HEK293 cells were plated in 24-well plates at 40–50% confluency. The following day, cells were transfected with 0.25 μg of DNA and 0.75 μl of Fugene 6 (Promega) in 2 ml of DMEM+10% FBS. Eighteen hours later, cells were rinsed with Dulbecco’s PBS and lysed with 1 ml of TRIzol (Invitrogen). RNA extraction was done using the manufacturer’s protocol and the resulting purified RNA was resuspended in 20 μl of diethylpyrocarbonate (DEPC)-treated H2O. Transfection was performed three times.

RT–PCR and analysis

Half of the RNA (10 μl) was treated with 2 units of DNase I (NEB) by incubation at 25 °C for 15 min, then 1 μl of EDTA 25 mM was added, followed by incubation at 65 °C for 10 min. One-eighth of this reaction (2.5 μl) was used in a 10 μl reverse transcriptase reaction using SuperScript III (Invitrogen), using the manufacturer’s protocol, with random primers and a reaction temperature of 50 °C. RNase H treatment was performed by adding 1 unit of the enzyme and incubating at 37 °C for 20 min. A quantity of 0.75 μl of cDNA was used in a 30 μl PCR, of which 10 μl was analysed on a 2% agarose gel and 20 μl was analysed on a BioAnalyzer (Agilent).

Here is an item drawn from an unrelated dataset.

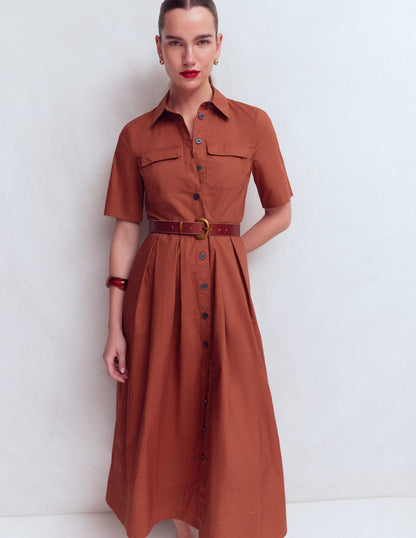 Zoe Short Sleeve Shirt Dress-Burnt Orange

Primer sequences are available in the Supplementary Material.

Patient fibroblast culture and RNA extraction

Skin biopsies were collected from patient II-1 from family C, patient II-2 from family E and patient II-1 from family F. Three anonymous control fibroblast lines were obtained from The Centre for Applied Genomics. Fibroblasts were cultured at 37 °C in Amniomax media (Invitrogen) (15% Amiomax supplement, 0.5% glutamine and 0.005% fungizome). At confluency, cells were treated with 3 ml of Hank’s balanced salt solution (Invitrogen), then 1 ml of trypsin-EDTA (Invitrogen) and centrifuged at 1,100 r.p.m. for 10 min. Cells were then either resuspended in fresh media for growth of the next passage or used for RNA extraction. Total RNA was extracted using the RNeasy Mini Kit (Qiagen) according to the manufacturer’s protocol, with a DNase I digestion performed at the wash step (10 μl DNase I in 70 μl buffer RDD (PreAnalytiX). RNA was extracted from three subsequent cell passages.

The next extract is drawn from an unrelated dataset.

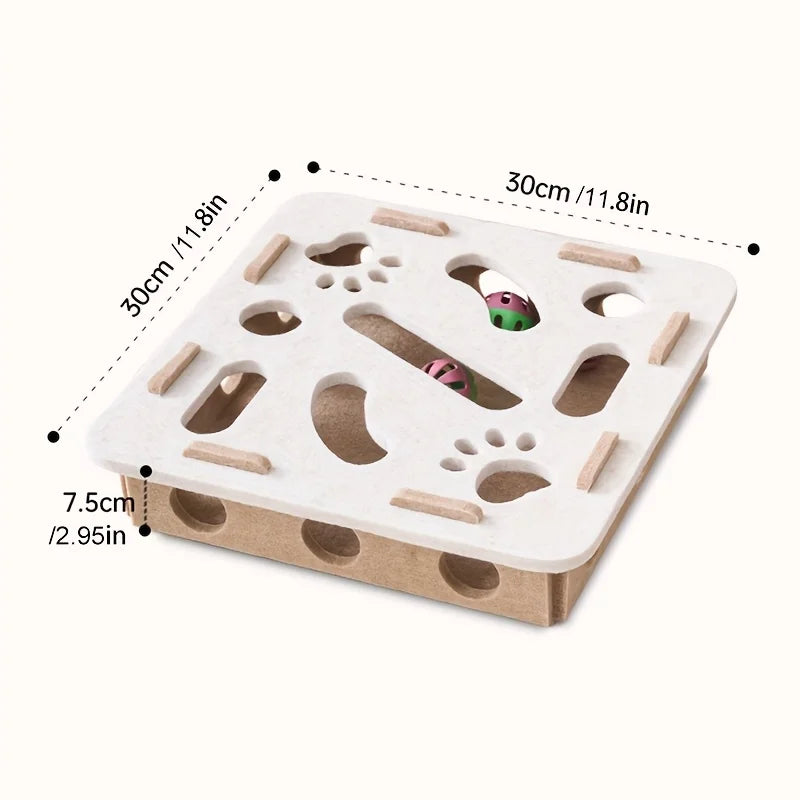 🐱 Interactive Cat Puzzle Toy Box with Maze Tunnel & Bell Ball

qRT–PCR primer design and efficiency testing

Primers were designed using Primer3 ( http://bioinfo.ut.ee/primer3-0.4.0/primer3/) to overlap exon–exon junctions to prevent amplification of genomic DNA. Sequences can be found in Supplementary Table 6. For each primer pair, efficiency was determined by tracing a standard curve of the Ct values of four serial dilutions of cDNA. Primers with efficiency between 90 and 110% were selected. The SNRPBaltexon_qRTPCR_F and R primers amplify the transcript including the alternative PTC-containing exon; SNRPBtotal_qRTPCR_F and R primers amplify all transcripts.

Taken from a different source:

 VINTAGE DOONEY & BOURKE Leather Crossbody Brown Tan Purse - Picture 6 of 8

qRT–PCR analysis of SNRPB expression

Two microlitres of RNA were used in a 20 μl reverse transcriptase reaction using SuperScript III (Invitrogen), according to the manufacturer’s protocol, with oligo d(T) primers. The resulting cDNA was diluted by one-fifth and used in a qRT–PCR. All qRT–PCRs had a 20 μl volume, with 1 μl cDNA, 1 μl of 10 μM primer mix, 10 μl of SYBR Green (Life Technologies) and 8 μl of H2O. Reactions were run on a 7900HT Fast Real-Time PCR System (Applied Biosystems). Cycling conditions were as follows: 95 °C for 10 min, 40 cycles of 95 °C for 15 s and 60 °C for 1 min, and a dissociation step with 95 °C for 15 s, 60 °C for 15 s and 95 °C for 15 s. Relative expression was calculated using the ΔΔCt method36, with EIF1B used as a reference gene. The experiment was performed three times. Statistical significance of observed differences was calculated with a Student’s t-test.

Additional information

Accession codes: Sequence data for CCMS patients have been deposited in the PhenomeCentral repository ( https://phenomecentral.org) under the following accession codes: P0000462 60_11-03316 (for Family A II-3), P0000456 60_10-8546 (for Family B II-2), P0000459 60_11-00920 (for Family C II-2), P0000463 60_12-2740 (for Family D II-1), P0000435 60_12-4200 (for Family E II-2) and P0000454 60_12-5745 (for Family F II-1).

How to cite this article: Lynch, D. C. et al. Disrupted auto-regulation of the spliceosomal gene SNRPB causes cerebro–costo–mandibular syndrome. Nat. Commun. 5:4483 doi: 10.1038/ncomms5483 (2014).